Nirwansyah Putra
~ indhie
TAK hanya waktu, kekuasaan juga ibarat pedang. Dia bisa menghabisi dan juga mampu menyelamatkan sekaligus memerjuangkan apa-apa yang dikuasainya. Lihatlah, hampir seluruh para pahlawan kita masa dulu, digambarkan dengan pose menggenggam pedang terhunus. Sebagiannya memegang keris.
Pedang digunakan untuk melawan penjajahan atas raga. Pedang dihunus untuk menjatuhkan perbudakan jiwa. Pedang-pedang itu memang bukan digunakan untuk memotong sayur-sayuran ataupun umbi-umbian. Dia alat dengan peruntukan khusus. Tak digunakan sepanjang waktu. Karena orang yang membabi-buta menggunakannya terus-terusan, malah bisa dicap gila. Karena itu pula, sejarah mencatat, raja-raja yang selalu menggunakan senjatanya sepanjang waktu, justru digambarkan sebagai seorang gila, sesosok maniak yang zalim. Ingatlah, pisau guillotine hanya dipakai sewaktu eksekusi hukuman mati. Setelahnya, dia menganggur. Setelahnya dia hanya diasah agar tetap tajam sewaktu akan dipakai nanti.
Karena itu pula, kekuasaan manusia mesti ditempatkan sesuai peruntukannya. Dalam alam theokrasi, kekuasaan manusia ditujukan untuk menegakkan keilahian. Theokrasi harus ditampilkan di sini, karena di masa kini, theokrasi telah diposisikan sebagai hal yang tabu untuk diperbincangkan bahkan oleh orang-orang yang berlatar akademik sekalipun. Seolah-lah theokrasi adalah konsepsi usang, dan malah konsepsi yang sungguh busuk.

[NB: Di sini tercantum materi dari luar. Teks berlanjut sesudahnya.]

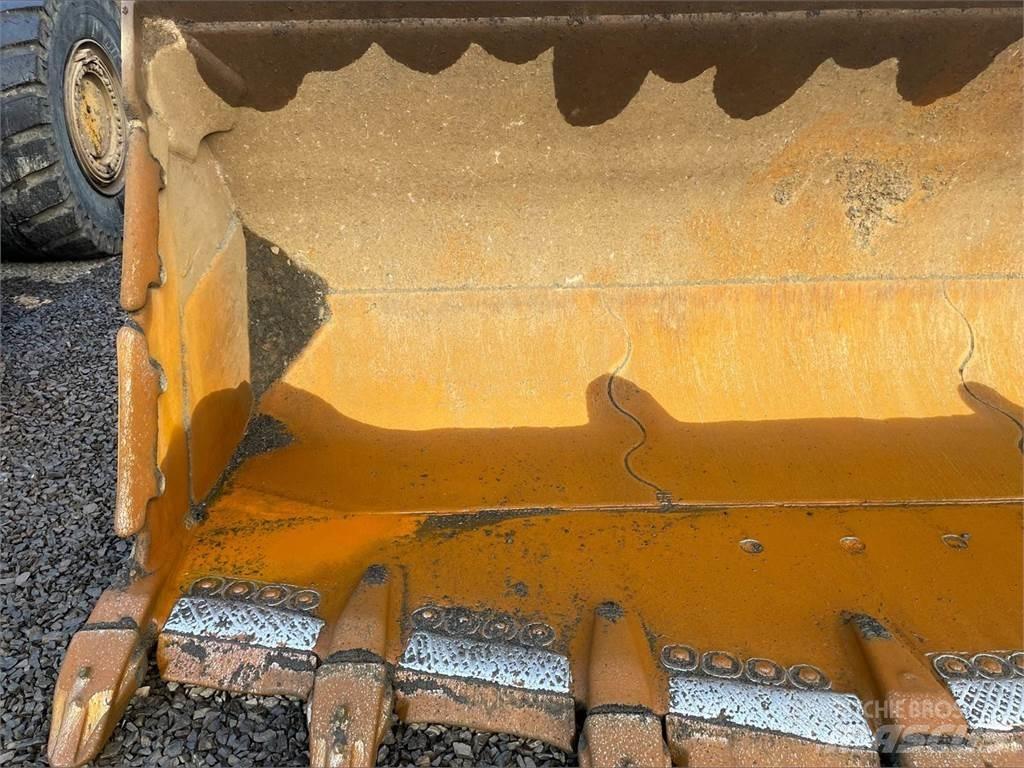 CAT 990 Tekerlekli yükleyiciler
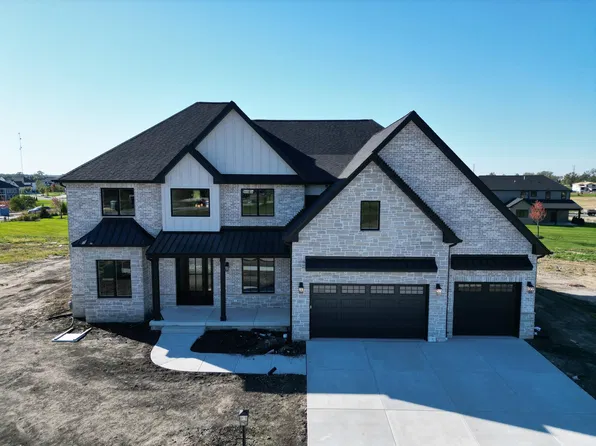 13811 Laurel Ct, Saint John, IN 46373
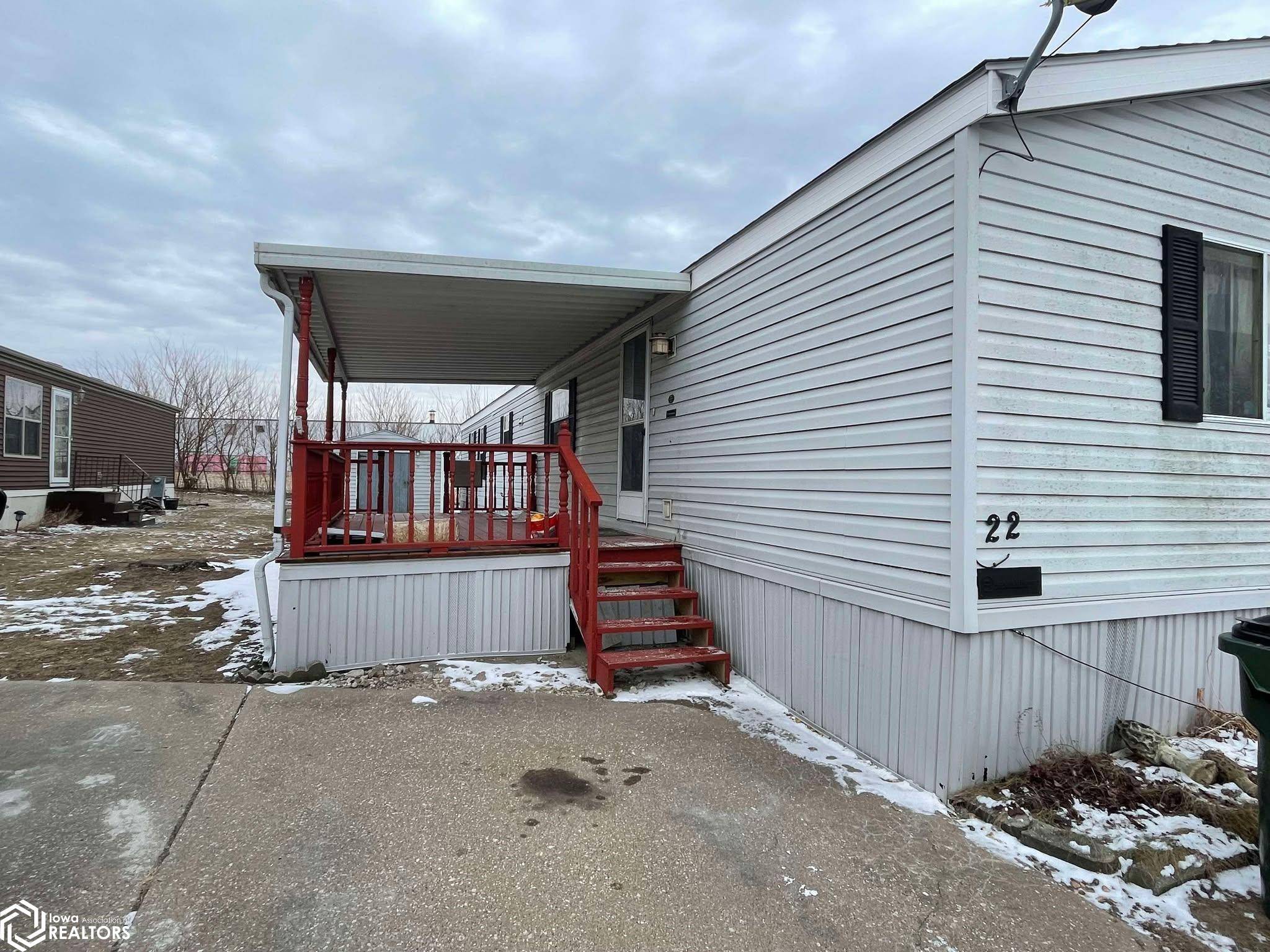 West Burlington, IA 52655,509 W Agency Rd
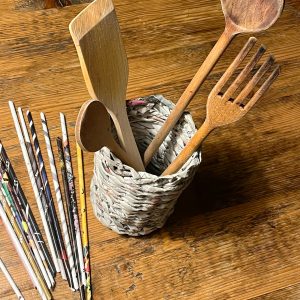 Ein Behälter für Kochuntensilien, aus altem Papier gebaut.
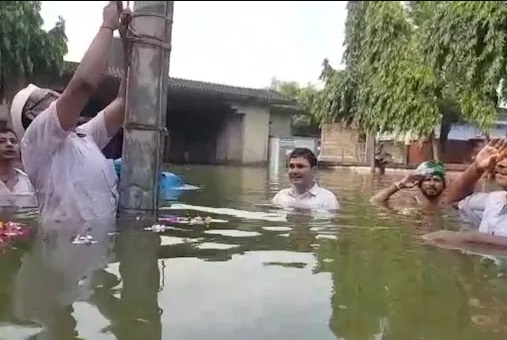 लोकनायक के गांव के तिरंगे का राष्ट्र करेगा वंदन, सिताबदियारा में वर्ष के अंत तक यहां बनने लगेगा तिरंगा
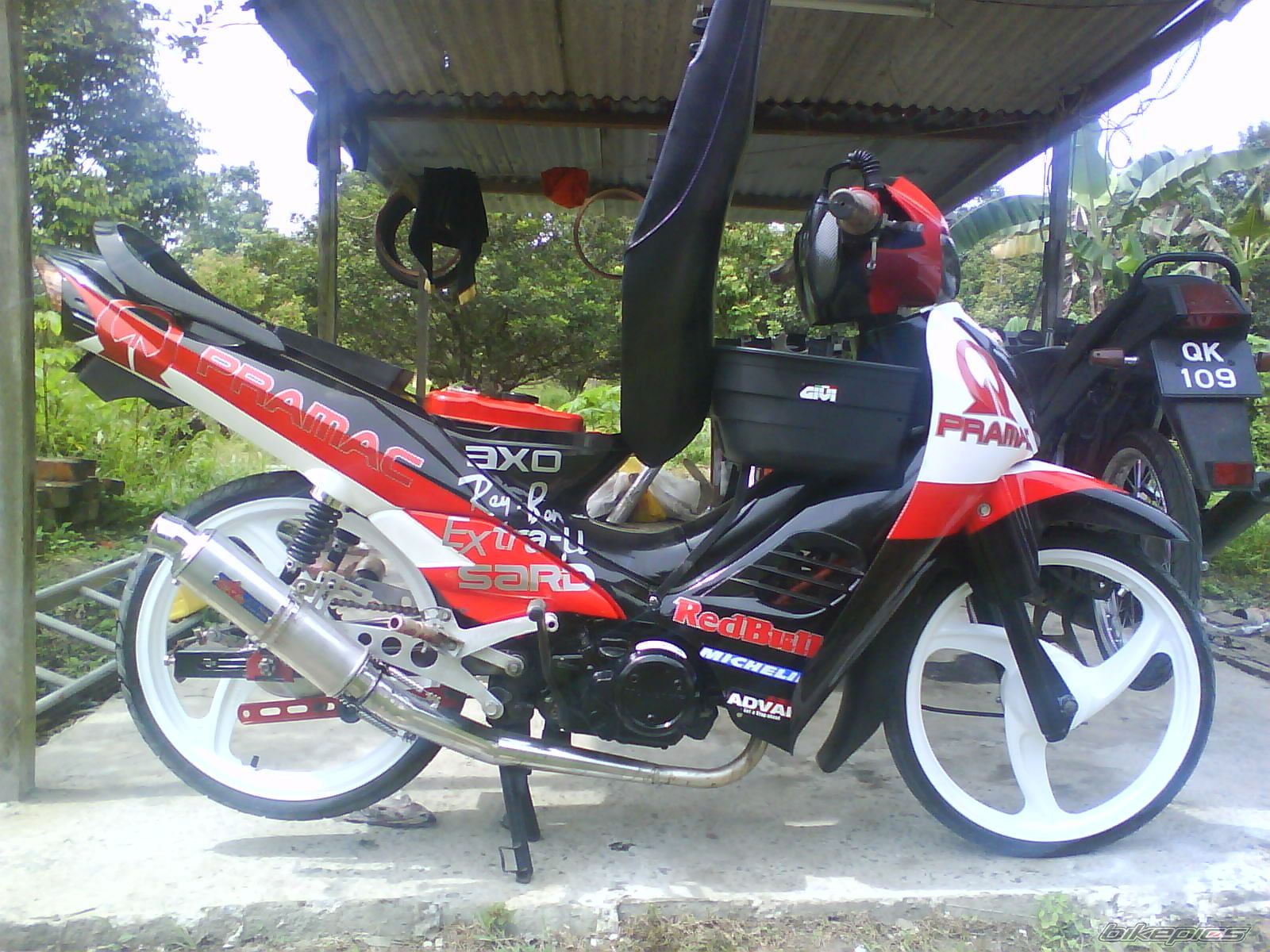 Photo 1696797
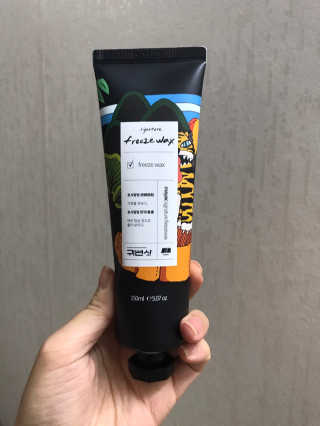 귀빈사 mayac 호시탐탐 시그니처 프리즈왁스 150ml — 4점을 준 리뷰어가 2020년 3월 올린 사용 사진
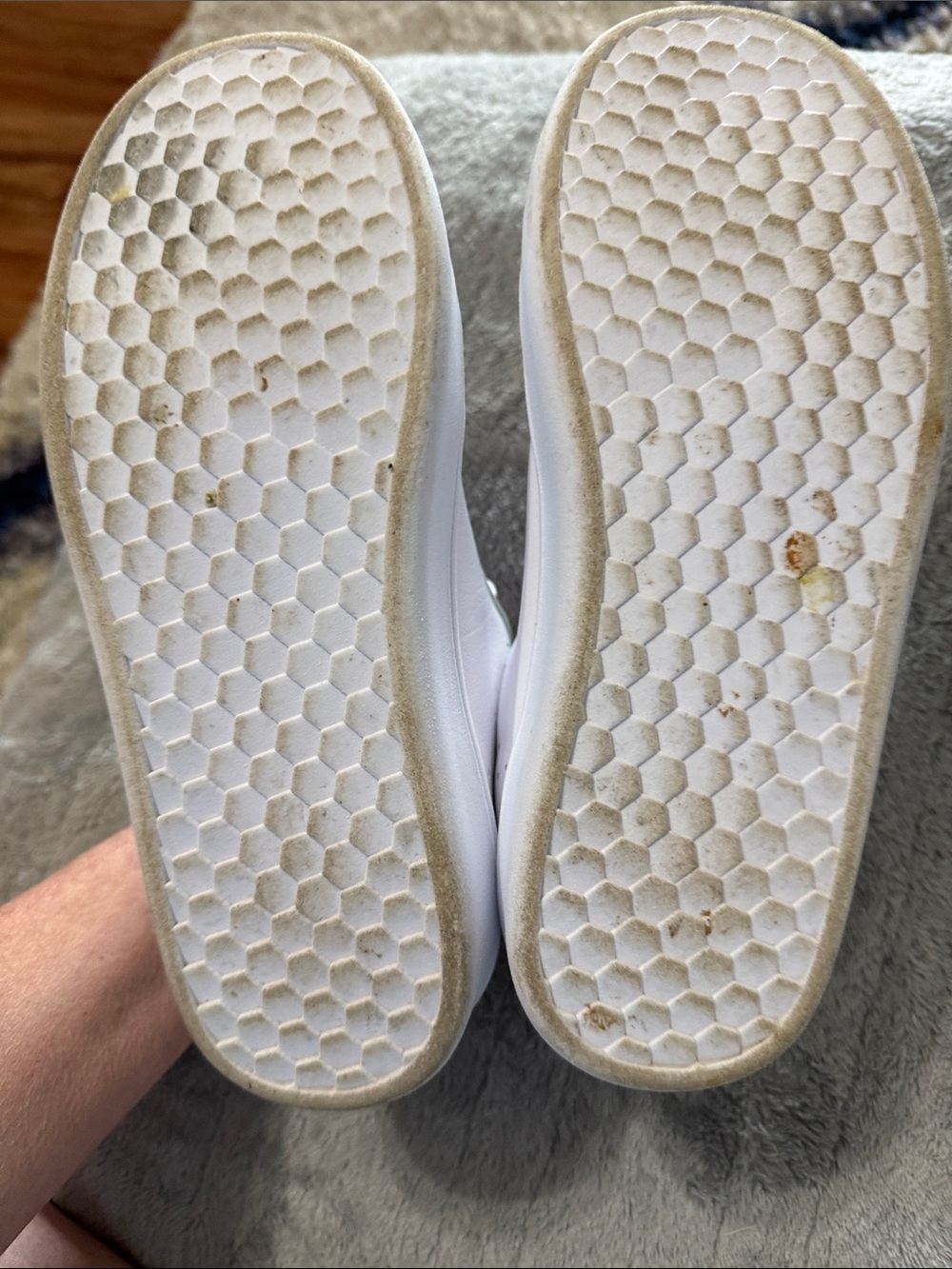 Women’s White Sneakers with Light Blue Star Accent size 6 memory foam - Picture 5 of 8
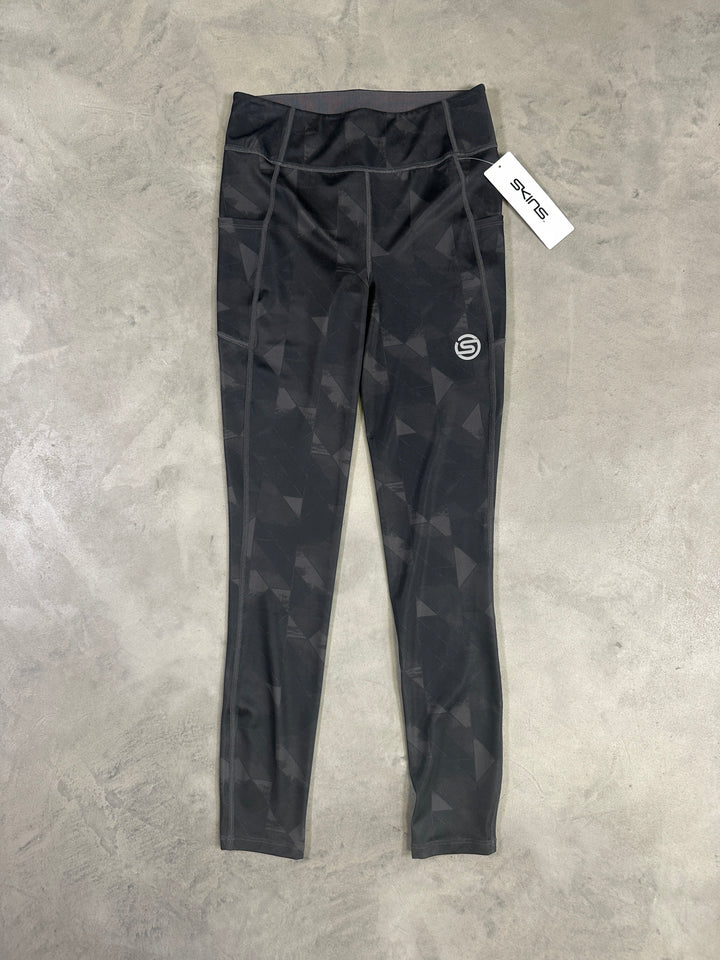 SKINS SERIES-3 Women’s Long Tights PKT 2.0 – Charcoal Geo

Seolah-olah ada dikotomi yang tidak bisa diperketemukan antara demokrasi dan theokrasi. Memang, harus diakui kalau pada awal-awalnya, demokrasi diusung untuk membungkam kekuasaan yang selalu mengatasnamakan agama atas perilaku kekuasaannya. Tapi, hal ini sungguh merupakan suatu ketidakadilan dan ketidakjujuran akademik. Kalau merujuk pada kekuasaan pra–renaissance di mana kekuasaan agama di Eropa berbuat kezaliman atas nama ketuhanan, itu memang benar.
Tapi justru masa sebaliknya, di masa keemasan Islam, theokrasi justru dipakai untuk mengarahkan seluruh energi kekuasaan untuk penyembahan kepada tuhan yang satu.
Dalam theokrasi ala Eropa, ketuhanan dan kemanusiaan dipisahkan, agama dan keilmuwan diceraikan. Hasilnya adalah demokrasi yang kering dari nilai-nilai ketuhanan. Hasilnya adalah humanisme individualis, di mana manusia justru menjadi tuhan itu sendiri, di mana, manusia menjadi alat ukur utama dari kekuasaan. Hasilnya adalah demokrasi yang kerontang dari nilai-nilai kebaikan keilahian.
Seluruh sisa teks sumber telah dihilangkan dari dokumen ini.